Jupyter Notebook SSD error

Please provide the following information when requesting support.

• Hardware (T4/V100/Xavier/Nano/etc)
Windows 10 + WSL + DOCKER + GPU
• Network Type (Detectnet_v2/Faster_rcnn/Yolo_v4/LPRnet/Mask_rcnn/Classification/etc)
Object detection SSD
• TLT Version (Please run “tlt info --verbose” and share “docker_tag” here)
5.0.0-tf2
• Training spec file(If have, please share here)
• How to reproduce the issue ? (This is for errors. Please share the command line and the detailed log here.)

Hi,

I’m facing some issues with the Jupyter Notebooks, and I’m starting to think that maybe I am doing something wrong:

  • I started with the notebooks included in the getting started package, but they seemed to be out of date. Then I found a post where someone pointed to a direct download of the TAO 5.0 updated notebooks, but they have the same errors.

  • I am trying to run the SSD example, and the first issue that I encounter is that in the step for installing TAO (!pip3 install nvidia-tao), it installs the 4.0 version. This is what TAO info says:
    Configuration of the TAO Toolkit Instance
    dockers: [‘nvidia/tao/tao-toolkit’]
    format_version: 2.0
    toolkit_version: 4.0.1
    published_date: 03/06/2023

This is strange for me, but I tried to finish the example.

  • The next error that I encountered is when it tries to convert the dataset, the command is not working:

!tao model ssd dataset_convert
-d $SPECS_DIR/ssd_tfrecords_kitti_train.txt
-o $DATA_DOWNLOAD_DIR/ssd/tfrecords/kitti_train
-r $USER_EXPERIMENT_DIR/

It works if you remove “model” from it, but is this how it is supposed to work? Or are there other changes I need to be aware of?

I am asking this because if I keep going, when I try to train the model It downloads the docker 4.0-tf1 image, and it gives me some segmentation errors, so I am not sure if it is supposed to work like this or I’m doing something wrong.

And last thing, the key needed to run the training is nvidia_tlt or my NGC key?

Hi,

Someone pointed in other post that the TAO 5.0 version is installed if you create an environment with Python 3.7 instead of 3.6. I started from scratch and now the commands from the notebook are working as expected, but please, could you update the quickstart guide software requirements?
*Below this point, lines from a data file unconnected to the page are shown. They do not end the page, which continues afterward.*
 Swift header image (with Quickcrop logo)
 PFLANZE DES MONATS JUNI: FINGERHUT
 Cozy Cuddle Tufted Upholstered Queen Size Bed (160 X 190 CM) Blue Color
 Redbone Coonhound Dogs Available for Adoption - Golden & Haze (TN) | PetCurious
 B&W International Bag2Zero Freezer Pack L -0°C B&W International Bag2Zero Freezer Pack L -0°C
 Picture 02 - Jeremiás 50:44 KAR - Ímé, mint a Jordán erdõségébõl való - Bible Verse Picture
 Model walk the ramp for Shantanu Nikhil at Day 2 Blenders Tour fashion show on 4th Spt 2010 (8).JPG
python     >=3.6.9<3.7      Not needed if you use TAO toolkit API

The bad news, I have the exact same error while trying to train the model:

DALI daliCreatePipeline(&pipe_handle_, serialized_pipeline.c_str(), serialized_pipeline.length(), max_batch_size, num_threads, device_id, exec_separated, prefetch_queue_depth_, cpu_prefetch_queue_depth, prefetch_queue_depth_, enable_memory_stats_) failed: Critical error when building pipeline:
Error when constructing operator: decoders__Image encountered:
Error in thread 0: nvml error (3): The nvml requested operation is not available on target device
Current pipeline object is no longer valid.
--------------------------------------------------------------------------
mpirun noticed that process rank 2 with PID 0 on node af56a70c5a4c exited on signal 11 (Segmentation fault).
--------------------------------------------------------------------------
Execution status: FAIL

Thanks for the info. Will check further and update.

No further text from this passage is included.